_DATA BELOW:_
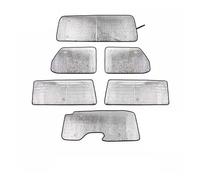 Windshield Sun Shade For Jeep For Wrangler JL 2018 Up Car Window Sun Visor Windshield Anti-UV Sunshade Cover Insulation Pad Windscreen Sunshade(For 2 DOOR 6pc)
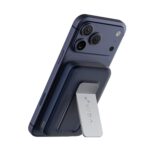URBN 10000mAh Frost MagSafe Power Bank with Built-in Stand | 15W Magnetic Wireless Charging | 20W USB-C PD Fast Charging | Ultra Compact | Pass-Through Charging | MagTag Ring | (Blue) - Image 2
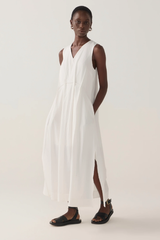 Frankie Dress - White Dot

_YOUR INSTRUCTIONS:_
Everything above except the pictures needs to be reproduced exactly.

_WRITTEN SOLUTION:_
 Windshield Sun Shade For Jeep For Wrangler JL 2018 Up Car Window Sun Visor Windshield Anti-UV Sunshade Cover Insulation Pad Windscreen Sunshade(For 2 DOOR 6pc)
URBN 10000mAh Frost MagSafe Power Bank with Built-in Stand | 15W Magnetic Wireless Charging | 20W USB-C PD Fast Charging | Ultra Compact | Pass-Through Charging | MagTag Ring | (Blue) - Image 2
 Frankie Dress - White Dot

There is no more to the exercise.